Canonical Completeness in Lattice-Based Languages for Attribute-Based Access Control

The study of canonically complete attribute-based access control (ABAC) languages is relatively new. A canonically complete language is useful as it is functionally complete and provides a “normal form” for policies. However, previous work on canonically complete ABAC languages requires that the set of authorization decisions is totally ordered, which does not accurately reflect the intuition behind the use of the allow, deny and not-applicable decisions in access control. A number of recent ABAC languages use a fourth value and the set of authorization decisions is partially ordered. In this paper, we show how canonical completeness in multi-valued logics can be extended to the case where the set of truth values forms a lattice.
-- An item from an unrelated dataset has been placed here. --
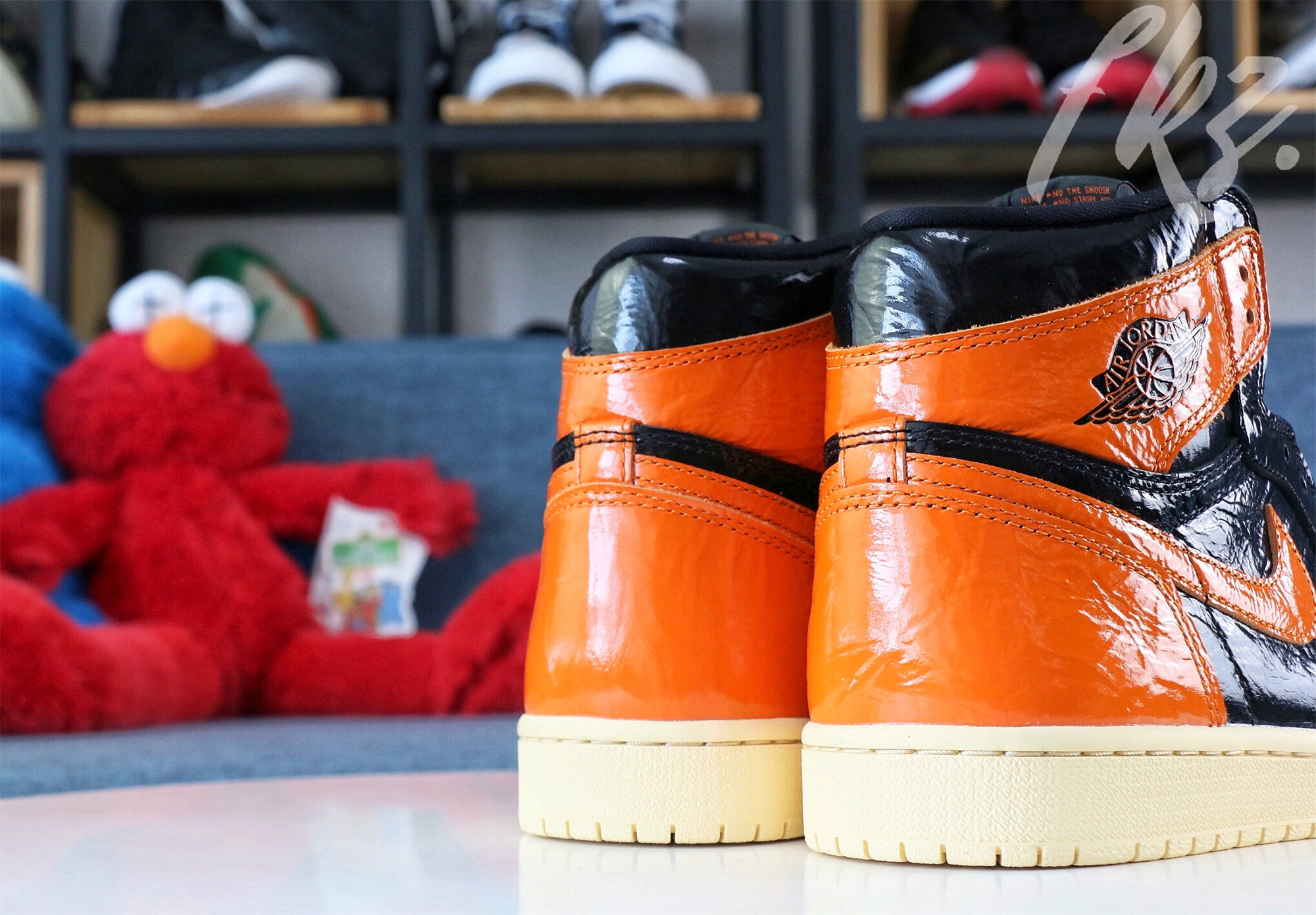 Air Jordan 1 Retro BG Shattered Backboard 3.0(GS)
This enables us to investigate the canonical completeness of logics having a partially ordered set of truth values, such as Belnap logic, and show that ABAC languages based on Belnap logic, such as PBel, are not canonically complete. We then construct a canonically complete four-valued logic using connections between the generators of the symmetric group (defined over the set of decisions) and unary operators operators in a canonically suitable logic. Finally, we propose a new authorization language PTaCL$^{\leqslant}_{4}$, an extension of PTaCL, which incorporates a lattice-ordered decision set and is canonically complete. We then discuss how the advantages of PTaCL$^{\leqslant}_{4}$ can be leveraged within the framework of XACML.